Introduction
Hashing is a technique to map keys to array indices using a hash function, giving average O(1) insert, search, and delete. A hash table is the underlying array of size m; element x is placed at position h(x) mod m.
Hash Function
A good hash function should be deterministic, fast to compute, and uniform (spread keys evenly across the table). Common hash functions include:
- Division:
h(k) = k mod m. Pick m as a prime not close to a power of 2. - Multiplication:
h(k) = floor(m * ((k * A) mod 1))withA≈ 0.618 (Knuth). - String hash (Java):
h(s) = s[0]*31n-1 + s[1]*31n-2 + ... + s[n-1], mod table size.
Collisions
When two different keys hash to the same bucket, a collision occurs. Two strategies resolve collisions:
Separate Chaining
Each bucket holds a linked list of all keys mapped there. Insert appends to the list; search walks the list; delete removes the node. With load factor α = n/m, average search time is O(1 + α). Pros: simple, table never "fills up". Cons: extra pointer overhead, poor cache performance.
Open Addressing
All entries live in the table; on collision, probe other buckets until an empty slot is found.

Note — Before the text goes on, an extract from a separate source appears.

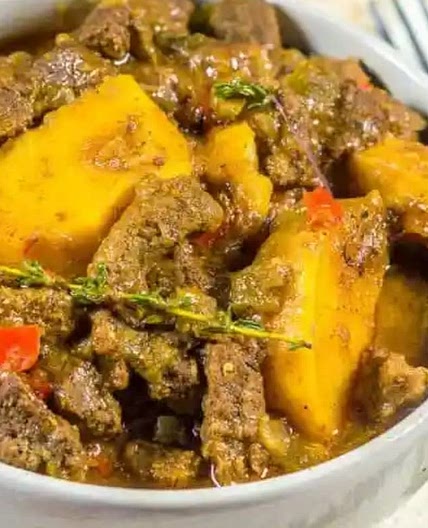 Jamaica Country style Curry Goat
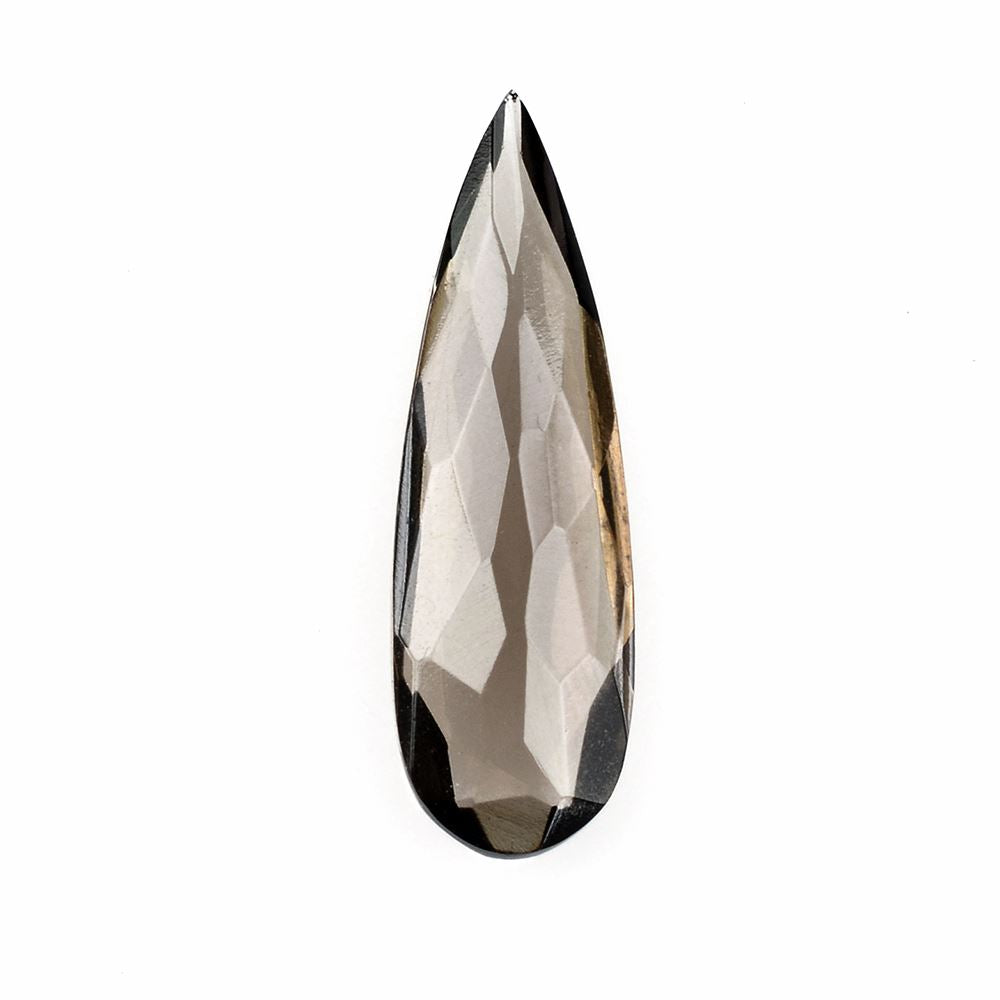 SMOKY QUARTZ CUT PEAR (FLAT) 18.50X6MM 1.83 Cts.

- Linear probing: try h(k), h(k)+1, h(k)+2, ... mod m. Simple but suffers from primary clustering.
- Quadratic probing: try h(k), h(k)+1², h(k)+2², .... Reduces clustering.
- Double hashing: probe
h1(k) + i * h2(k) mod m. Best distribution.
Load factor must stay below 1 and is usually kept below 0.7 by rehashing.
Rehashing
When the load factor exceeds a threshold, allocate a new larger table (typically double) and reinsert every key using the new size. Amortized cost per insert stays O(1).
Applications
- Language dictionaries: Python
dict, JavaHashMap, C++unordered_map. - Database indexing (hash indexes).

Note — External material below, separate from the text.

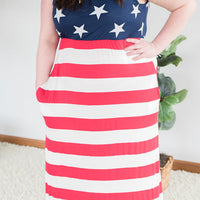 Stars and Stripes Dress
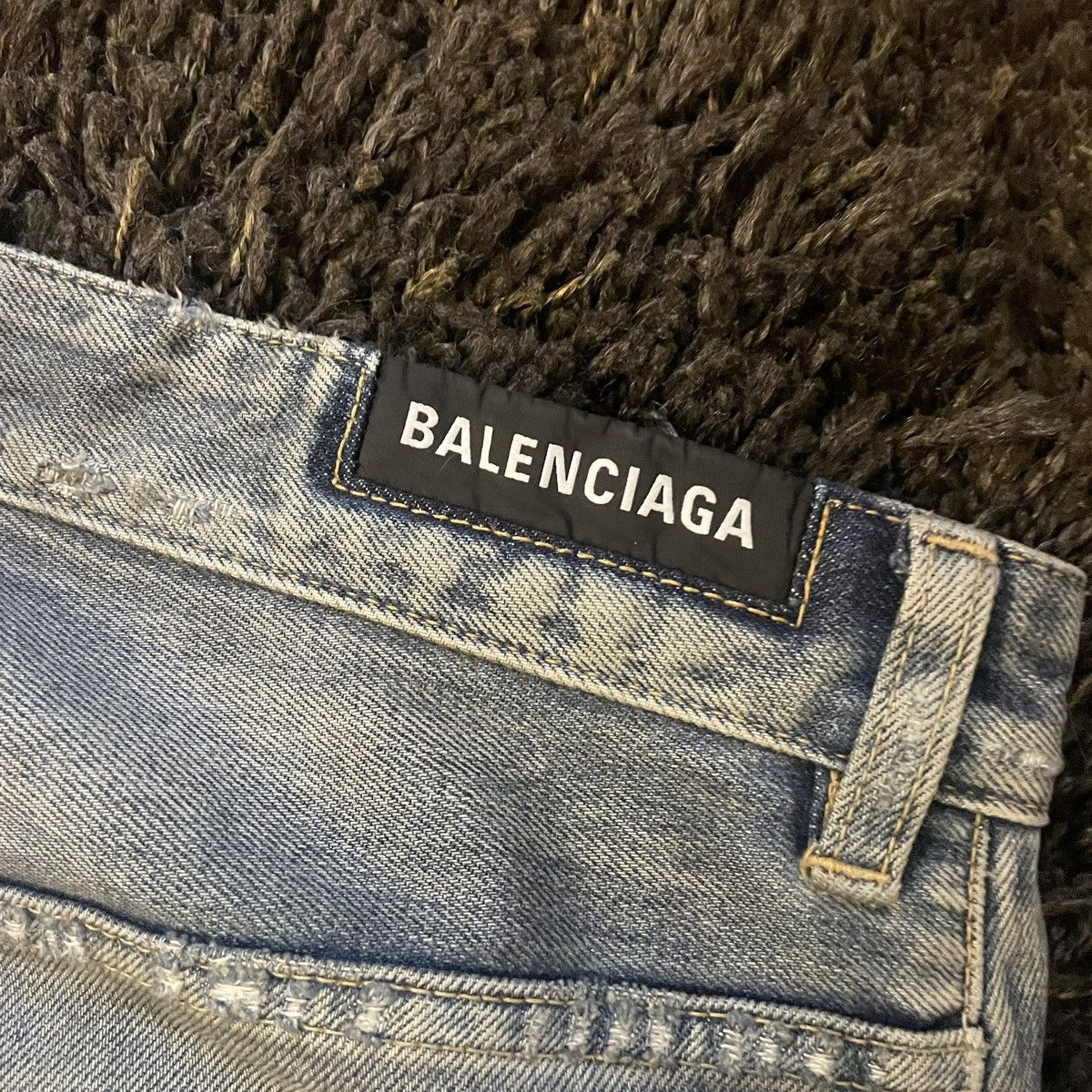 Balenciaga balecnciaga mudshow denim Size US 30 / EU 46 - 11 Thumbnail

- Symbol tables in compilers.
- Caching (memoization, LRU cache).
- Cryptographic hashing (SHA-256) for integrity.
- Set membership: spam filters, Bloom filters.
Hash Table vs BST
| Aspect | Hash Table | Balanced BST |
|---|---|---|
| Search | O(1) avg | O(log n) |
| Ordered traversal | No | Yes |
| Worst case search | O(n) | O(log n) |
| Extra memory | Table slack | Pointers per node |
Summary
Hashing gives the fastest average lookup but does not preserve order and can degrade with a bad hash function. Pick a prime table size, a uniform hash, and a collision strategy suited to your workload.
Important Questions
- Define hashing and hash function. What are the properties of a good hash function?
- Explain the division and multiplication methods.
- What is a collision? How is it resolved?
- Explain separate chaining with an example.
- Explain linear, quadratic probing, and double hashing.
- What is load factor? When should you rehash?
- Compare hash tables and balanced BSTs.
- List five applications of hashing.